INFORMATION SHOWN:
+===+
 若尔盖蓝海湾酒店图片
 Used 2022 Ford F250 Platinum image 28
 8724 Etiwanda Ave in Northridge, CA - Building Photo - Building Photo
+===+
Every word of the data above should be given again, exactly as it stands.

 若尔盖蓝海湾酒店图片
 Used 2022 Ford F250 Platinum image 28
 8724 Etiwanda Ave in Northridge, CA - Building Photo - Building Photo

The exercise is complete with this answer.